▸ **Task**
Exclude pictures; retype the lines below from the line containing "El actor Juanjo" through the end of the records, both ends kept.

Provided entries Block Start

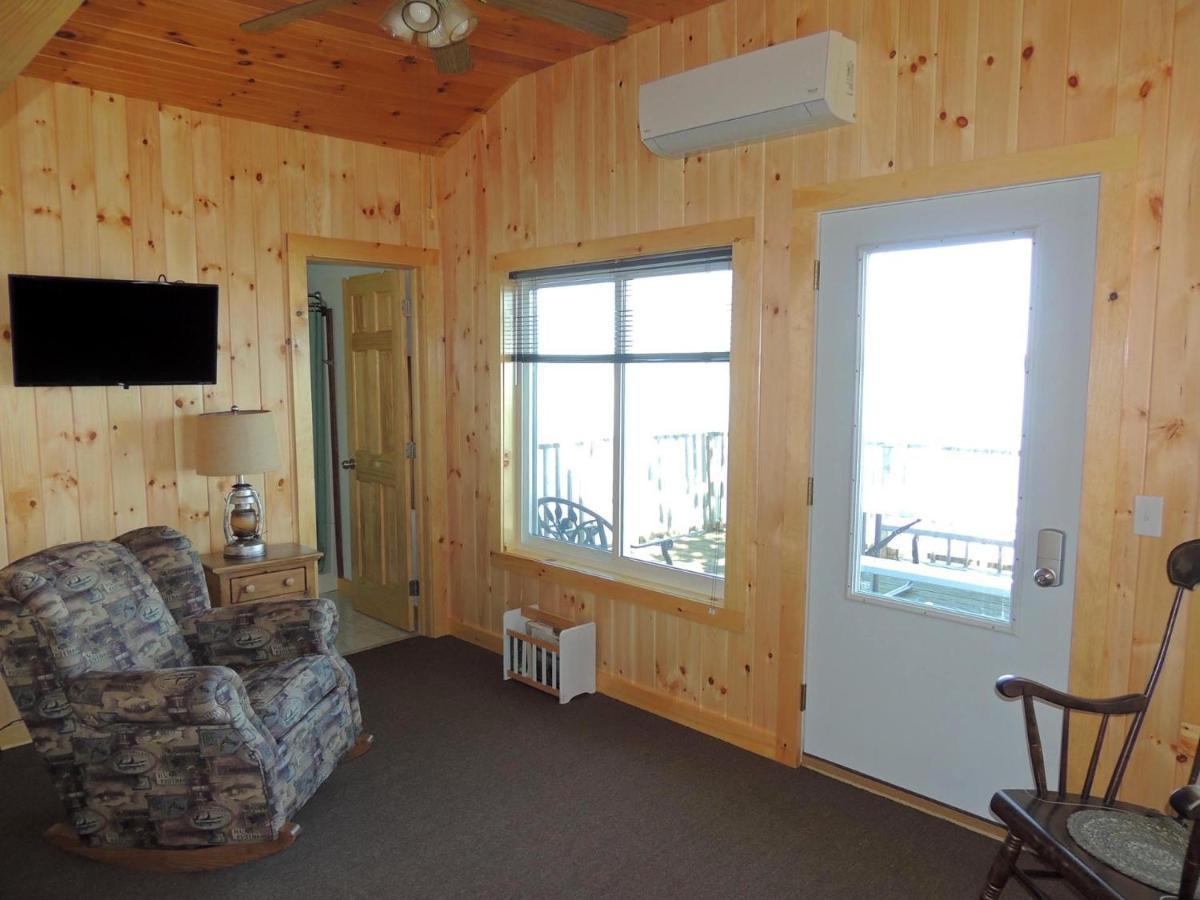 Angel Rock Waterfront Cottages Cape Vincent ภายนอก รูปภาพ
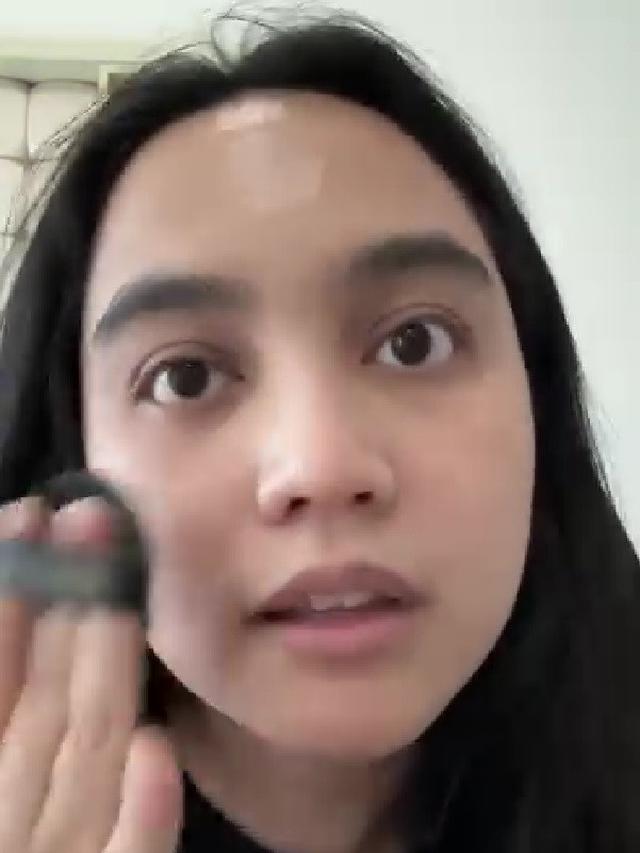 Tips Makeup Antimenor dengan Blush On Rp60 Ribuan Ala Rachel Amanda (credit: instagram/auroramanda95
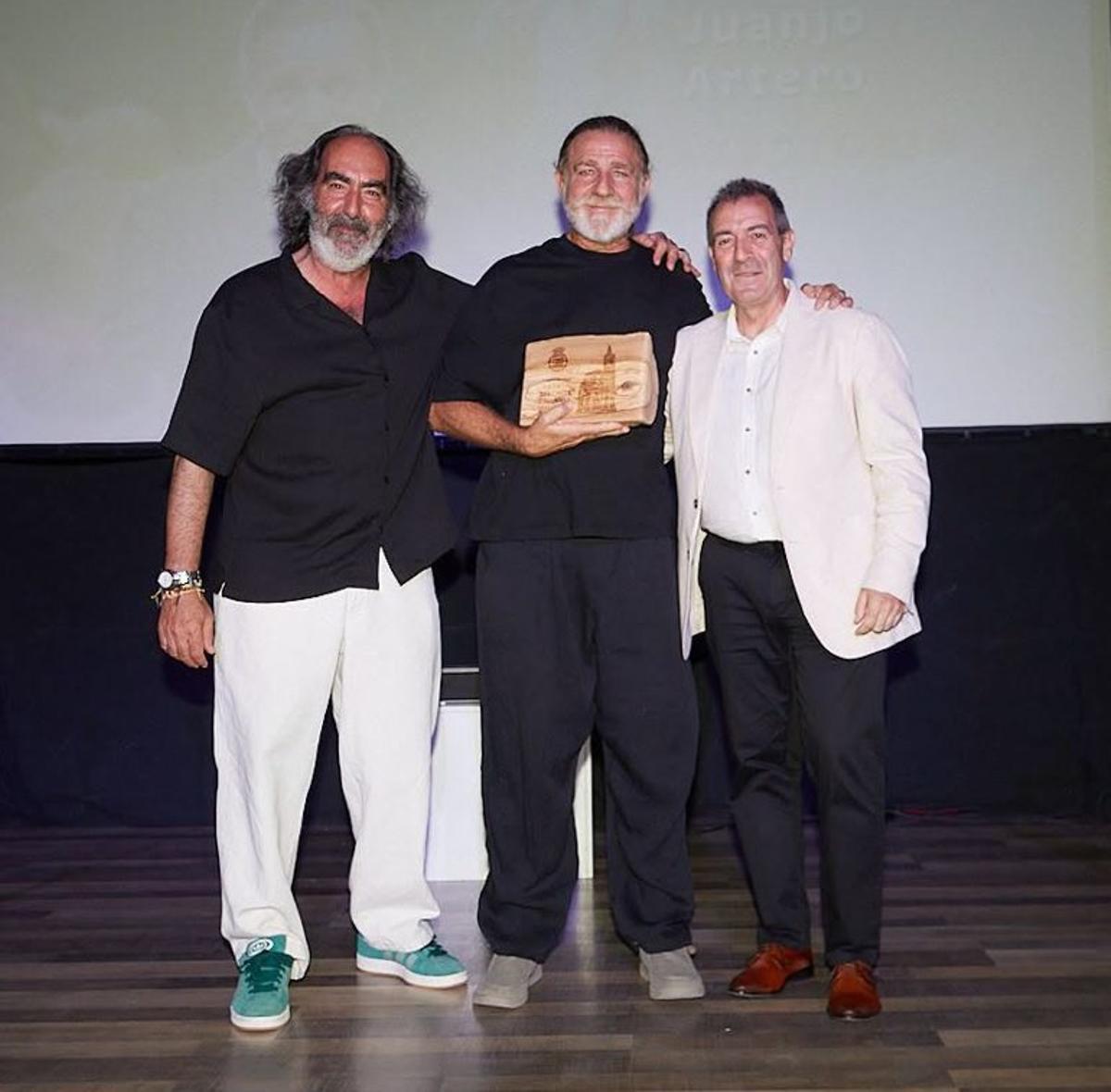 El actor Juanjo Artero recibió el Premio Trayectoria.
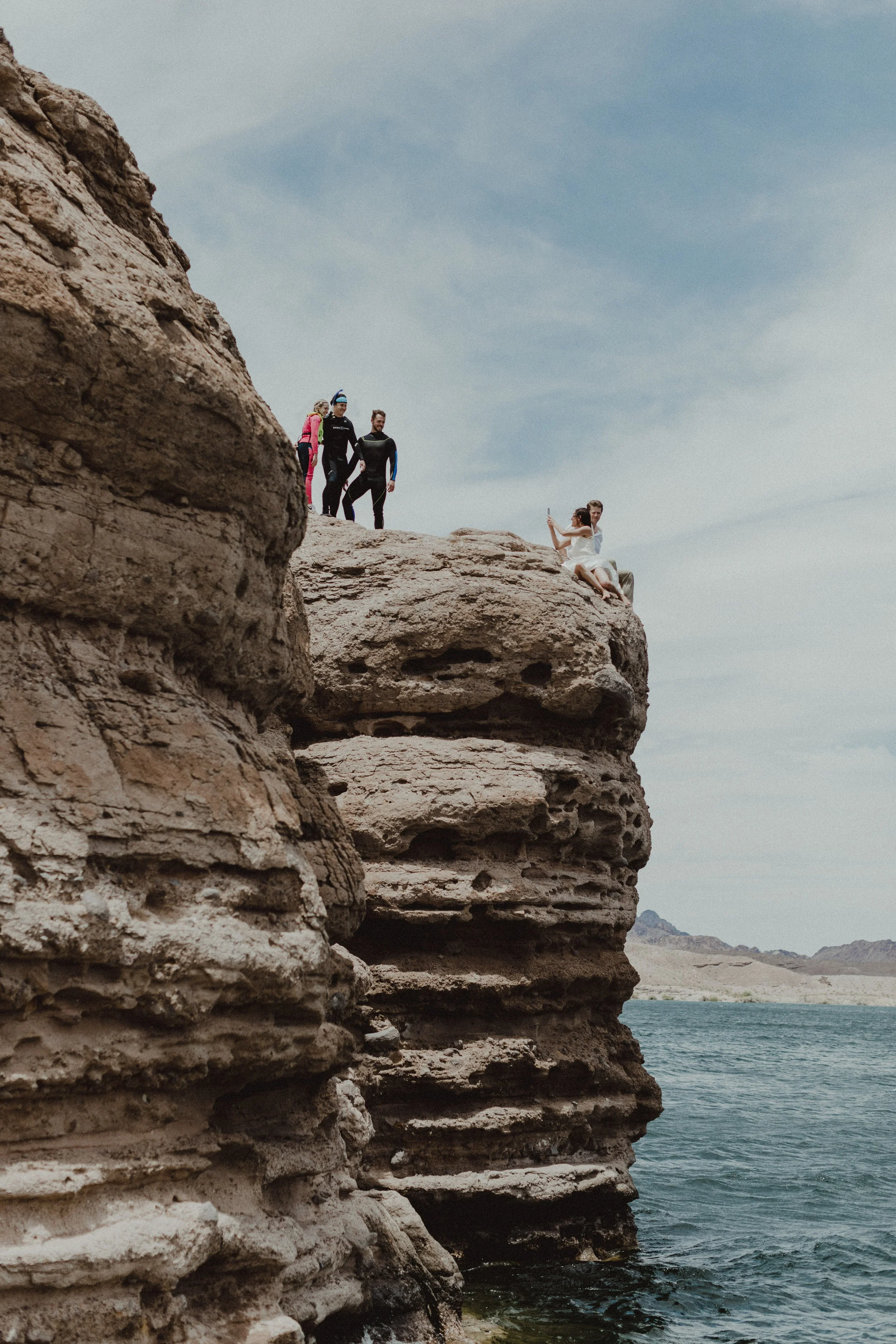 Adventure Elopement-Vow Renewal-LakeMead-LasVegas-112.jpg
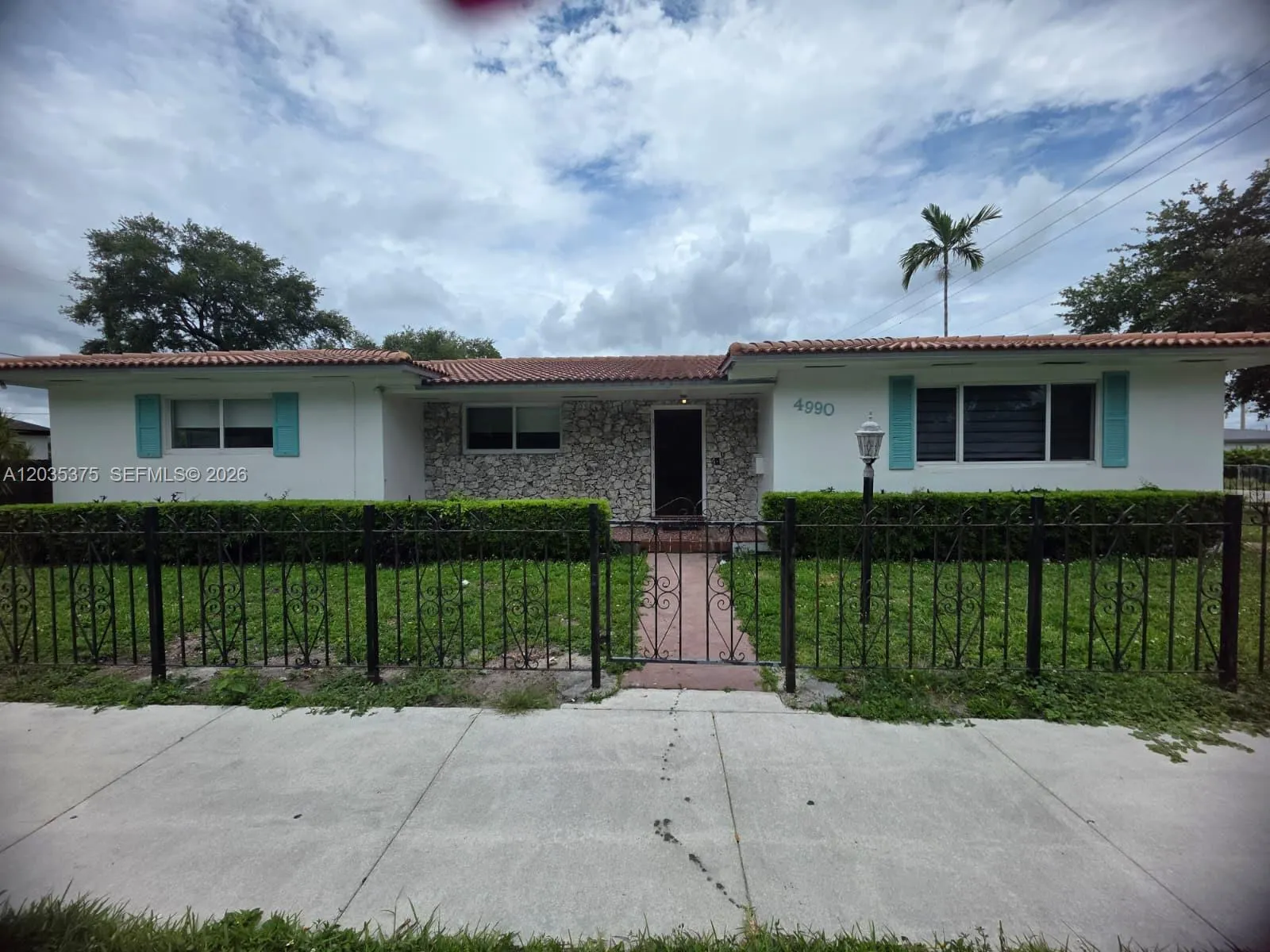 Vendido 4990 NW 31st Avenue, Miami, FL 33142, Miami, FL 33142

Provided entries Block End

▸ **Response**
 El actor Juanjo Artero recibió el Premio Trayectoria.
 Adventure Elopement-Vow Renewal-LakeMead-LasVegas-112.jpg
 Vendido 4990 NW 31st Avenue, Miami, FL 33142, Miami, FL 33142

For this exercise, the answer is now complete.